Wer hätte einst auszumalen gewagt, dass ausgerechnet KAMPFAR nach Auflösung des ursprünglichen Duos und nach einer etliche Jahre währenden Findungsphase mit eher mittelmäßigen Alben zu einer solchen Macht im Norwegischen Metal werden, und ein Hammeralbum nach dem nächsten aufnehmen? Drei Jahre nach dem hochgelobten "Profan" kehrt das Quartett mit "Ofidians Manifest" zurück, und verarbeitet bedrückende Lebensabschnitte mit einem musikalischen Befreiungsschlag, dessen kraftvolle Produktion im höchsten Maße hörenswert ist.
Die Schreie im Intro erinnern an "Mellom Skogkledde Aaser", musikalisch nimmt das Quartett nahezu hastig Fahrt auf, bevor "Syndefall" in stampfendes Midtempo mündet. Das folgende "Ophidian" nimmt eine Fährte auf, welche die ehemaligen Tour-Gefährten Secrets of the Moon (leider) verlassen haben: Dolks Gesang klingt garstig und - nichtsdestotrotz - bemerkenswert verständlich, der Übergang vom massiven Black Metal zu epischen Chor-Arrangements gelingt bravurös. In "Dominans" lässt neben Dolk auch Agnete Kjølsrud ihre Stimme erklingen, d.h. auch die Djerv-Sängerin grollt, faucht und hext (ja genau, hört es Euch an!), als gäbe es kein Morgen. Es ist fast beängstigend, was die Band hier in viereinhalb Minuten abbrennt - und dabei immer noch KAMPFARs Wurzeln durchklingen. Gänsehaut.
Das Klavierinterludium in "Natt" lädt nur wenige Sekunden zum Innehalten in einem Lied ein, das textlich an die Frühwerke von Tiamat und Burzum erinnert, musikalisch sogar ein wenig Richtung Hades neigt (bei denen Ask sich derweil als Sänger verausgabt). Episch und finster.
Wollte man den Norwegern einen Vorwurf machen, dann könnte man ihnen unterstellen, "Ofidians Manifest" nahezu versöhnlich mit "Skamløs!" und "Det Sorte" ausklingen zu lassen. Doch vielleicht steckt auch ein (unbewusster) Plan dahinter?

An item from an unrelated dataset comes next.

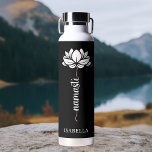 Bouteille D'eau Namaste Lotus Flower Moderne Nom personnalisé<br><div class="desc">Namaste Lotus Flower Moderne Nom personnalisé Sports Fitness Yoga Bouteille d'eau en acier inoxydable présente une fleur de lotus avec le texte "namaste" dans le script de calligraphie à la main moderne et personnalisée avec votre nom. Un cadeau parfait pour les amis et la famille pour l'anniversaire, Noël, Fête des...</div>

Es kann jedenfalls kaum genug betont werden, mit welcher Ausdrucksvielfalt und -gewalt Dolk auf "Ofidians Manifest" aufwartet. Sicher, der Frontmann hat selten einen Zweifel an seiner Hingabe gelassen, doch zeichneten sich KAMPFAR ja gerade zu Beginn ihres Wegs durch nuancierte Variationen innerhalb enger Grenzen aus. Ole Hartvigsen schüttelt längst nicht nur Folk-inspirierte Melodien unwiderstehlich aus dem Ärmel, sondern reiht ein Nackenbrecher-Riff an das andere, während die Rhythmus-Sektion massiven Druck erzeugt. Würde sich die Band nach diesem Album auflösen, weil sie im Angesicht der Abgründe noch mal alle Kräfte gebündelt hätte, es wäre ein grandioses Vermächtnis von Metal-Musikern, die im mittleren Alter ganz gewaltig Fahrt aufnahmen.

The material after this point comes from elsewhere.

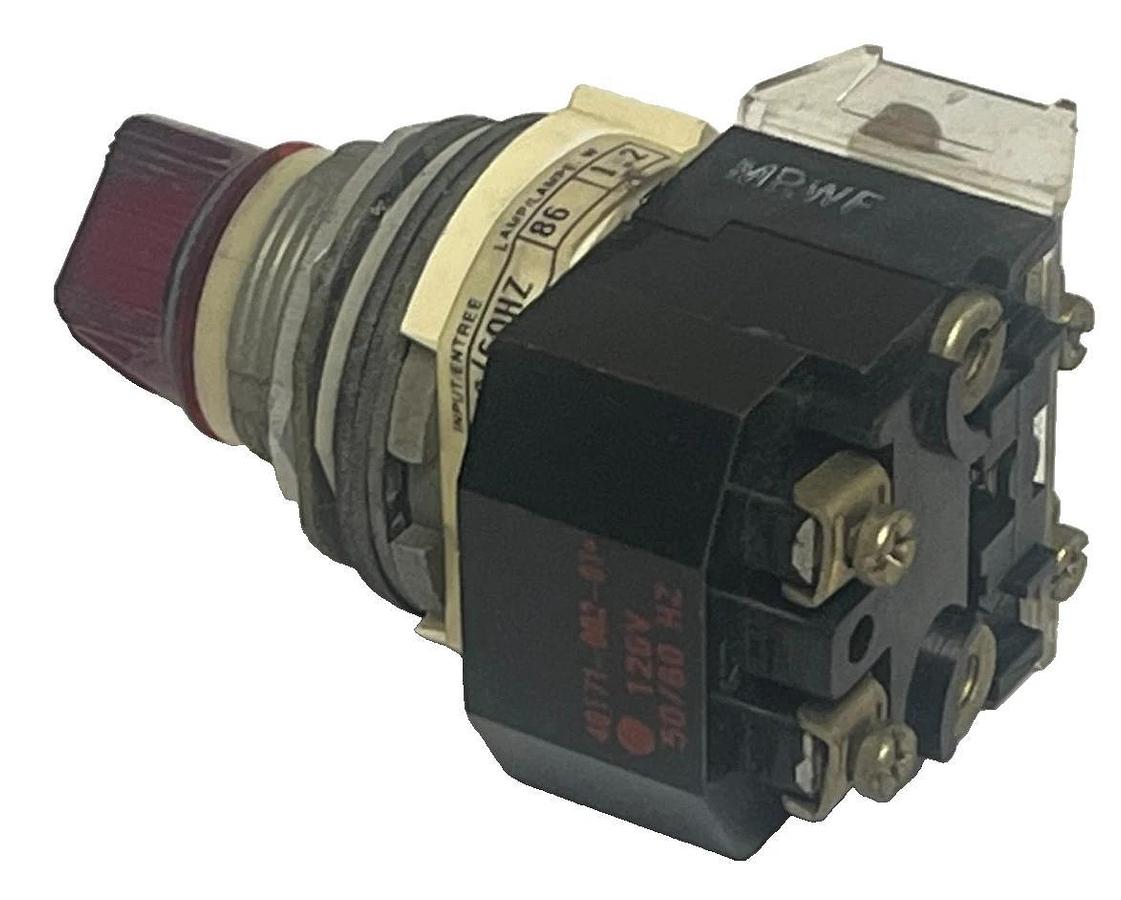 Used LOT OF 2 ALLEN-BRADLEY 800T-16HR2KB6 Ser. T Selector Switch 2-Pos Maintained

FAZIT: Kompromisse sind nach wie vor nicht das Ding von KAMPFAR, die ihren persönlichen Stil mit schwer-metallischer Leidenschaft verfeinern, ohne prinzipiell vom Weg abzuweichen. Wer mit der direkten Art der Band bisher nichts anfangen konnte, der wird auch mit "Ofidians Manifest" nicht warmwerden. Wer jedoch geradlinigen Black Metal norwegischer Prägung mit Tiefgang - oder soll ich lieber schreiben: mit Tiefensog? - hören möchte, der kommt an KAMPFAR wohl kaum vorbei.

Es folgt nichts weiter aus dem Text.